_Work request_:
The part to set down runs from the first line of the data below through the line with "But my advice", inclusive; write it exactly and leave out the pictures.

_Provided data_:
=== Begin Enclosure ===

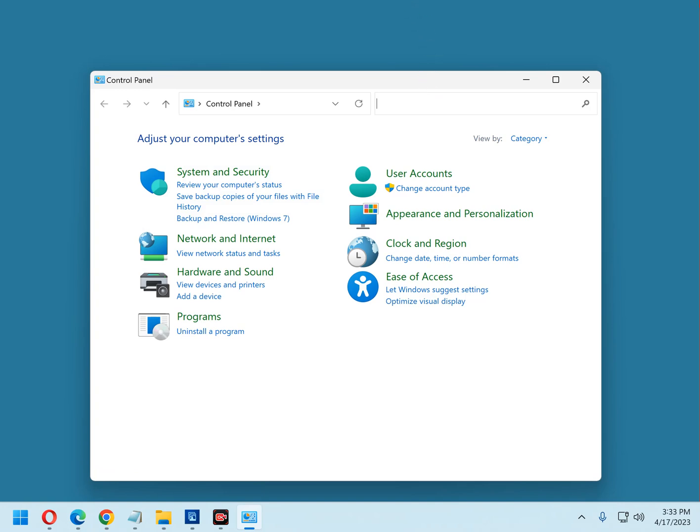That's all there is to finding and opening the Control Panel in Windows 10 and Windows 11. Now that we have that out of the way, let me say this: for some time now, Microsoft has been slowly moving various settings from the Control Panel to the Settings app.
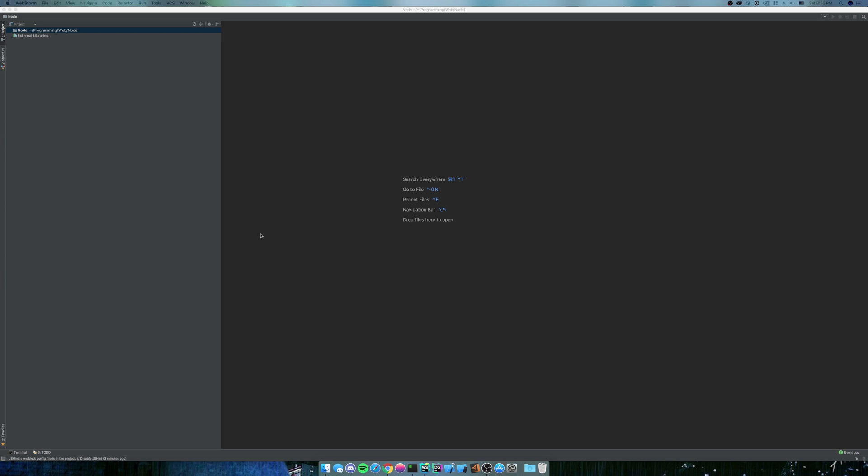But my advice is don't develop on Windows if you don't have to. Install Ubuntu or something if you're stuck in that kind of development environment, unless you're in .NET of course, which is what I do during the day.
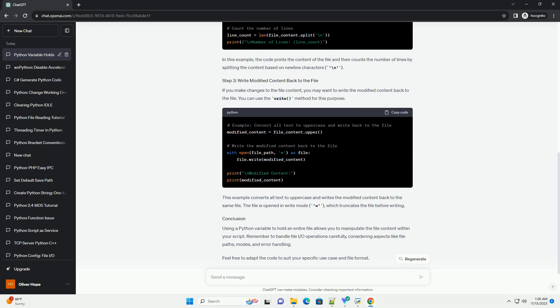In this example, the code prints the content of the file and then counts the number of lines by splitting the content based on new line characters, backslash n. If you make changes to the file content, you may want to write the modified content back to the file.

=== End Enclosure ===

_Worked solution_:
That's all there is to finding and opening the Control Panel in Windows 10 and Windows 11. Now that we have that out of the way, let me say this: for some time now, Microsoft has been slowly moving various settings from the Control Panel to the Settings app.
But my advice is don't develop on Windows if you don't have to. Install Ubuntu or something if you're stuck in that kind of development environment, unless you're in .NET of course, which is what I do during the day.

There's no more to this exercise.